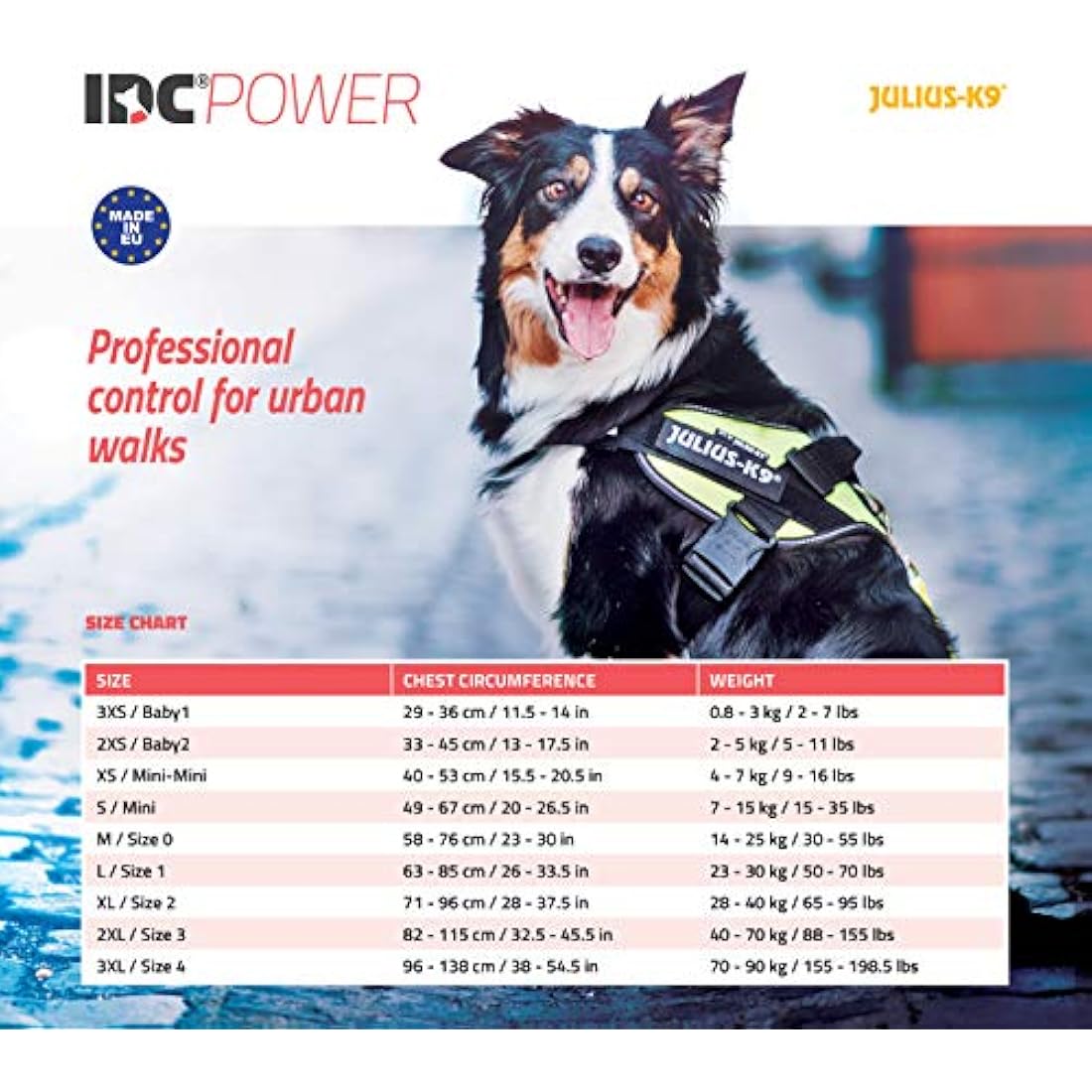 IDC Powerharness, Size: 3XL/4, Aquamarine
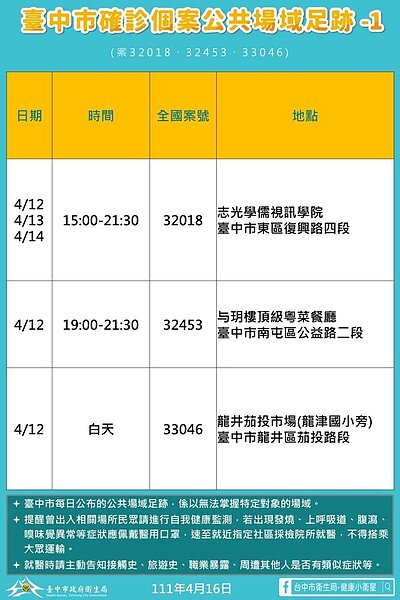 台中足跡。圖／台中市政府提供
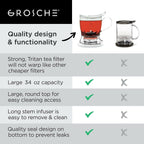 GROSCHE Aberdeen Tea Infuser Teapot & Smart Tea Maker - BPA-Free, Drip-Free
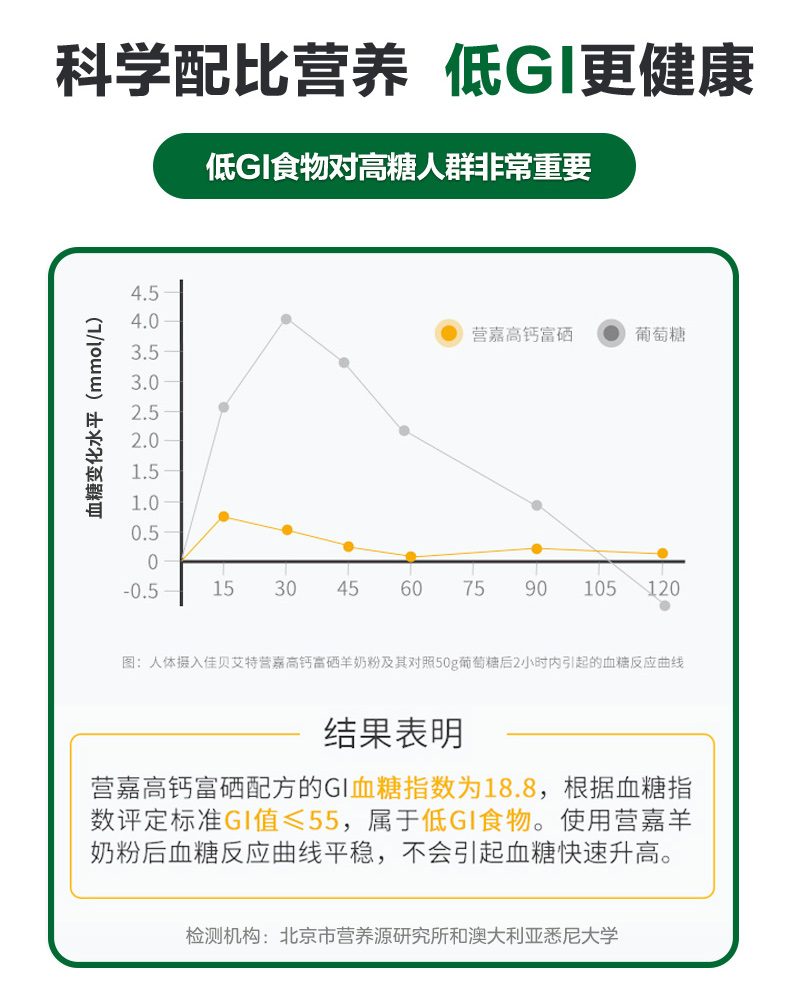 佳贝艾特中老年成人高钙羊奶粉实发800g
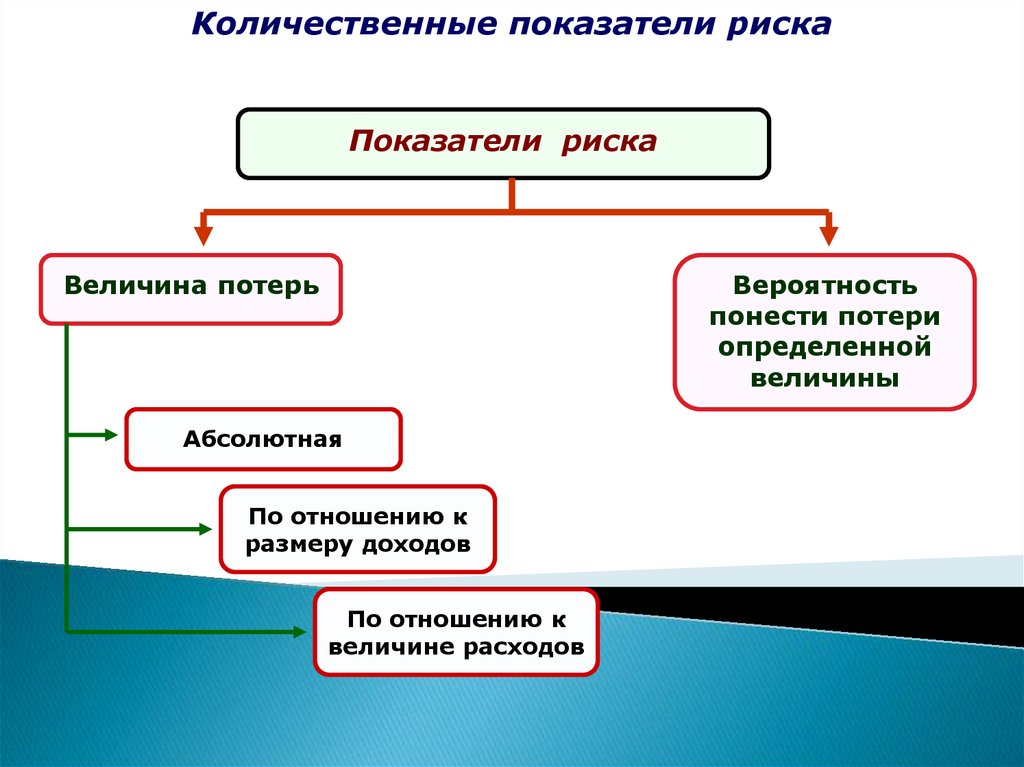 Количественным критерием здоровья принято считать величину. Количественные показатели риска. Количественные показатели опасности. Количественные значения показателей индивидуального риска. Перечислите показатели риска.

_ _ _ _ _ _ _

● WHAT THE EXERCISE ASKS: Transcribe each entry precisely as given, leaving the pictures out.

● ANSWER SPACE:
 IDC Powerharness, Size: 3XL/4, Aquamarine
 台中足跡。圖／台中市政府提供
 GROSCHE Aberdeen Tea Infuser Teapot & Smart Tea Maker - BPA-Free, Drip-Free
 佳贝艾特中老年成人高钙羊奶粉实发800g
 Количественным критерием здоровья принято считать величину. Количественные показатели риска. Количественные показатели опасности. Количественные значения показателей индивидуального риска. Перечислите показатели риска.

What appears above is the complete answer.